Jakarta, Kompas -
Hal ini muncul dalam diskusi The Indonesian Institute (TII), Rabu (14/11), dengan pembicara mantan Dirjen Strategi Pertahanan Kementerian Pertahanan Mayjen TNI (Purn) Sudrajat, Direktur Program Imparsial Al Araf, Ketua Timja RUU Kamnas Komite I DPD Farouk Muhammad, dan anggota Pansus RUU Kamnas, Susaningtyas Kertopati, dengan moderator Jaleswari Pramodhawardani yang juga anggota Dewan Penasihat TII.

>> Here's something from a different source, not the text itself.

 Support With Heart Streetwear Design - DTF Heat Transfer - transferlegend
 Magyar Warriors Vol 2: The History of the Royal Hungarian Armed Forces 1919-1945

”Undang-undang ini berlebihan karena masuk ke domain keamanan publik dan individu yang sebenarnya sudah diatur di undang-undang lain,” kata Farouk.
Ia mengatakan, RUU Kamnas ingin mengatur semuanya dalam satu pendekatan, mulai dari kondisi normal, yaitu tertib sipil, hingga kondisi darurat. Hal ini tidak saja merusak tatanan keamanan yang sudah ada, tetapi juga membuat RUU ini jadi berlebihan. Ada domain pribadi warga negara yang menjadi hak warga negara dan tidak bisa dimasuki begitu saja oleh negara.
Susaningtyas menggarisbawahi kemungkinan digunakannya kekuasaan negara secara berlebihan yang berpotensi mengintimidasi masyarakat. Karena banyaknya pasal yang sarat kepentingan, pembahasannya setelah 2014.
Adanya ketergesaan mengejar kepentingan pihak tertentu pada 2014 disoroti Sudrajat. Ia mengatakan, beberapa hal yang seharusnya diatur RUU Kamnas justru tidak disentuh. Ia menggarisbawahi, RUU Kamnas seperti metamorfosis UU Penanggulangan Keadaan Bahaya yang tidak disahkan Presiden Habibie karena mendapat penolakan keras.
Menurut Al Araf, yang dibutuhkan adalah pengaturan perbantuan TNI ke Polri.